I have been testing using gradle as alternative to using ant+ivy. I’m testing the gradle 2.4 version. The only problem so far is that it seems to be impossible to cache dependecies obtained from a filesystem ivy repo.
This has been discussed in:
There is a bug tracker in:
https://issues.gradle.org/browse/GRADLE-1964
The repo in question is a shared network drive. And since I’m accessing it using the file:// uri, it’s not cache because gradle thinks it is a “local” repo. Is there any way I could get gradle to cache the dependencies? As I commented in the bugtracker, none of the workarounds works because ivy resolvers cannot be used manually (in 2.x if I understood correctly).

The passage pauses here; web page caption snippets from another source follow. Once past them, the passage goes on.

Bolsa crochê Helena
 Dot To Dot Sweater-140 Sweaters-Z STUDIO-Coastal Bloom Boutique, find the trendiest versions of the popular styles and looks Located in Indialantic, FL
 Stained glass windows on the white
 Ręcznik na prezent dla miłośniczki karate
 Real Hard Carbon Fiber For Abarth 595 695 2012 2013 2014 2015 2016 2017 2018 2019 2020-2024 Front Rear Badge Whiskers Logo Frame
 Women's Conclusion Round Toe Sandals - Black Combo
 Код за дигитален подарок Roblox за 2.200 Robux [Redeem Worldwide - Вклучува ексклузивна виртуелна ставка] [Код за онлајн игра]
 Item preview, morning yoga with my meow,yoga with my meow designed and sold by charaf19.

Currently I’m using the dependencies directly from the repo. This seems to cause 2 things. Firstly, the application starting time seems to be a bit slower (which is normal, since accessing the network share is slower than local ssd). Secondly, it seem that from time to time I seem to “lose” some dependencies because there is a small connection break (or something, I’m not exacly sure). Note that I use eclipse as main tool development/running and gradle only mainly as a build/dependencymanagement tool (the building mostly in CI, because its faster to use eclipse jdt incremental builder in development). Using the eclipse plugins “refresh dependencies/all” usually solves the problem (but building the workspace back takes some time). I think if the dependecies would be cached, I would not have this problem.
Based on some comments in that earler topic, it seems people think a local repo (a true local disk, not a shared drive) is not worth of caching. In my opinion it would be nice to also have that option, i.e. it would not hurt to have the option (default could be false to retain the current logic). That might be useful in some rare cases and would unify the logic that everything can be cache (e.g if you would have multiple caches for performance reasons, though you probably would need to have 100s or 1000s of concurrent builds for that to matter)
I guess one option would be to downgrade to use 1.x version to get the workarounds in the bug tracker to work… but for me it would seem crazy to not use 2.x since it’s under development.